I see no sign of any attempt by Google to determine if your site is up before offering the cache.  (Really, would that be feasible?  It wouldn't be fast!)

As soon as you let caching robots skip registration, you are allowing any savvy user to do the same (at least for READING your content) by using Google's caching feature.  Old content which isn't available any more does seem to disappear from Google.  And content which is changed on my site does seem to turn up in changed form on Google in a month or less, as expected.

Collapse
Posted by Jade Rubick on
I don't remember the exact address, but there is a website/search engine/spider that keeps historical snapshots of websites. It's pretty interesting to go back and check how your webpages evolved.

I don't remember the address, unfortunately. I think Scott G. published it here once.

Collapse
Posted by David Cohen on
You're talking about the Internet Wayback Machine, a spin-off of Brewster Kahle's Alexa project: web.archive.org

(FWIW, I may have been the first one to mention it on openacs.org when I described how I found my ACS pages (Problem Set Zero, etc.) after even Google's cached version of them had vanished).

Collapse
Posted by Jerry Asher on
Could this help solve your problems?

From: http://www.google.com/webmasters/3.html#B2

2. I don't want Google to keep a cached version of my page.
Google automatically takes a "snapshot" of each page it crawls and caches it. This enables us to show the search terms highlighted on text heavy pages so users can find relevant information quickly, and to retrieve pages for users if the site's server temporarily fails. Users can access the cached version by choosing the "Cached" link on the search results page. If you do not want your content to be accessible through Google's cache, you can use the NOARCHIVE meta-tag. Place this in the <HEAD> section of your documents:

<META NAME="ROBOTS" CONTENT="NOARCHIVE">

This tag will tell robots not to archive the page. Google will continue to index and follow links from the page, but will not present cached material to users.

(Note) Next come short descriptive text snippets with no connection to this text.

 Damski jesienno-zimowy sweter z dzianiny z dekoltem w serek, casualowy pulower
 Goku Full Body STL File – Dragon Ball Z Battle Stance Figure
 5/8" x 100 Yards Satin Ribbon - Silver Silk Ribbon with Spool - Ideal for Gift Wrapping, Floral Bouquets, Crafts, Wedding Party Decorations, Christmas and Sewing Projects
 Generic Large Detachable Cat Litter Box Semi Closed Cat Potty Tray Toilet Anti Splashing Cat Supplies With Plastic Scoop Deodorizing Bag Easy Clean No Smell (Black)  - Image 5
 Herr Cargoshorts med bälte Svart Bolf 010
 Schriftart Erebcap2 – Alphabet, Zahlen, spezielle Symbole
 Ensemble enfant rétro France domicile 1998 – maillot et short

If you want to allow other robots to archive your content, but prevent Google's robots from caching, you can use the following tag:

<META NAME="GOOGLEBOT" CONTENT="NOARCHIVE">

Note that the change will occur the next time Google crawls the page containing the NOARCHIVE tag (typically at least once per month). If you want the change to take effect sooner than this, the site owner must contact us and request immediate removal of archived content. Also, the NOARCHIVE directive only controls whether the cached page is shown. To control whether the page is indexed, use the NOINDEX tag; to control whether links are followed, use the NOFOLLOW tag. See the Robots Exclusion page for more information.

Collapse
Posted by Richard Hamilton on
Jerry,

I had no idea that you worked at Google!

It seems then that you are the perfect person to ask about the robot detection module for a difinitive answer.

Originally PhilG described in his book how the robots module would detect a web crawler and serve customised textual content to it instead of the full or password protected page.

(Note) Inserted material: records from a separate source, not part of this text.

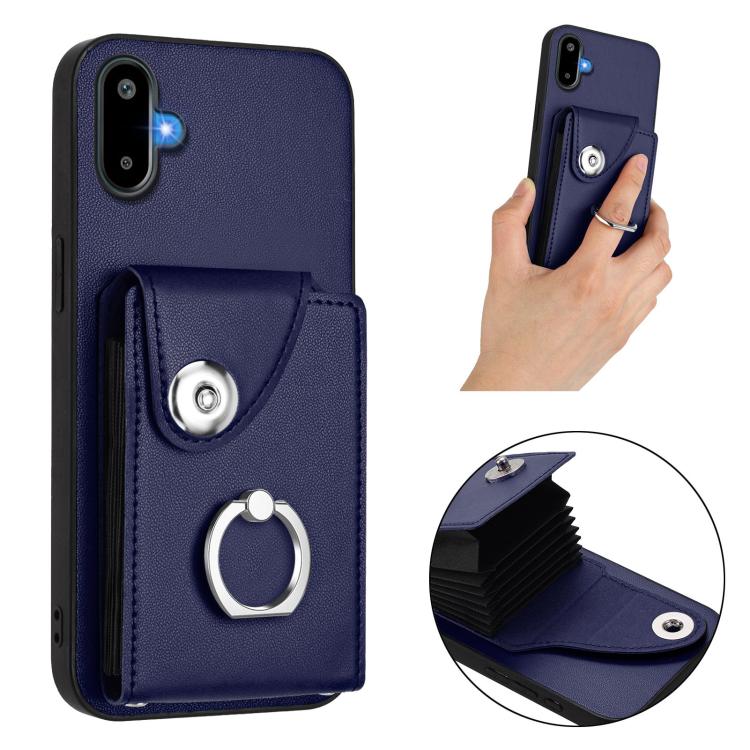 Funda para Samsung Galaxy F06 5G / M06 5G con tarjetero y anillo (azul)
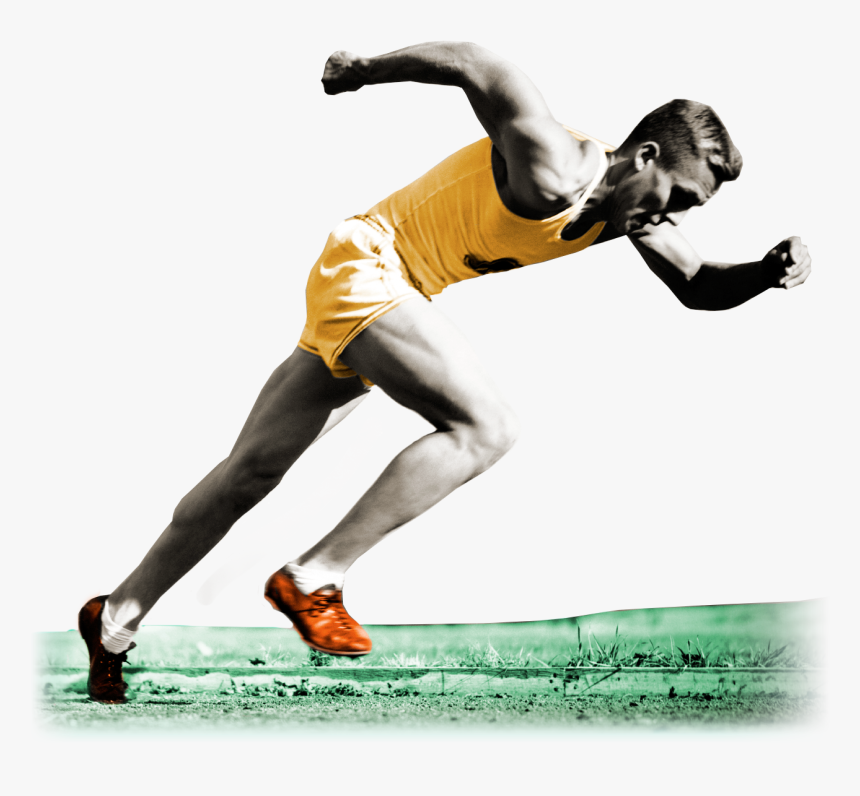 Silhouette Of Man Running - Male Runner Black And White, HD Png Download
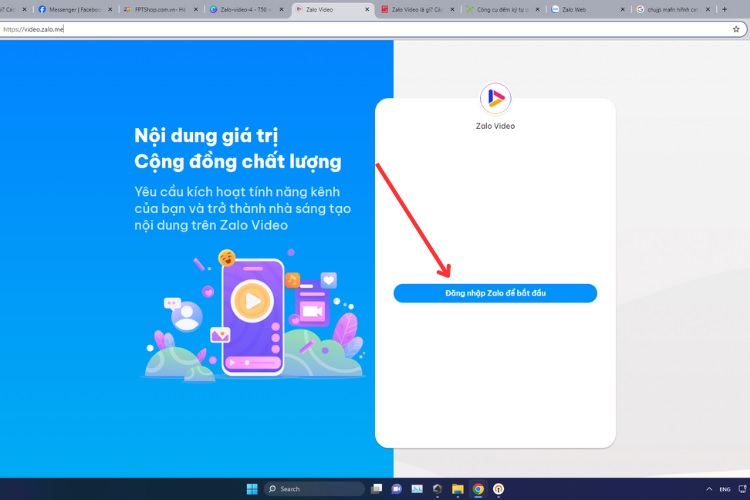 Mở trang đăng ký Zalo Video Creator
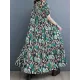 Printed Split-Joint A-Line Loose Stand Collar Midi Dresses Printed Split-Joint A-Line Loose Stand Collar Midi Dresses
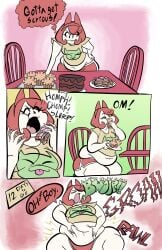 1girls bad_anatomy big_belly burp burping comic comic_page eating fat joekie3wl onomatopoeia original_character pearl_(joekie3wl) text text_bubble weight_gain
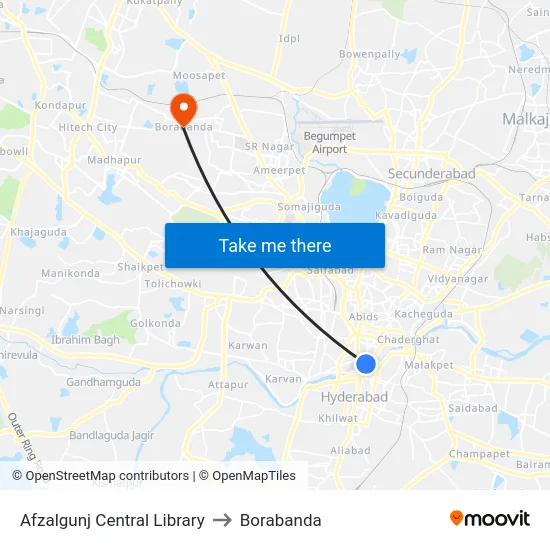 Afzalgunj Central Library to Borabanda map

Does Google in fact revisit pages anonymously and compare them to pages retrieved by the googlebot to detect masquerading? If so am I correct in assuming that the robot detection package, though still in OpenACS 4.6.3 is no use any more?

Regards
Richard

Collapse
Posted by Don Baccus on
Actually we had to remove a couple of openacs.org pages from Google's cache about three months ago - I won't go into details, it was a legitimate request.  To add to Jerry's information you can request they reindex your page (therefore seeing the metatag and doing the removal) via the web so it's easy to do.

robot detection was working somewhat in 4.6, though I had to track down the new home for the information (which may no longer be the best home).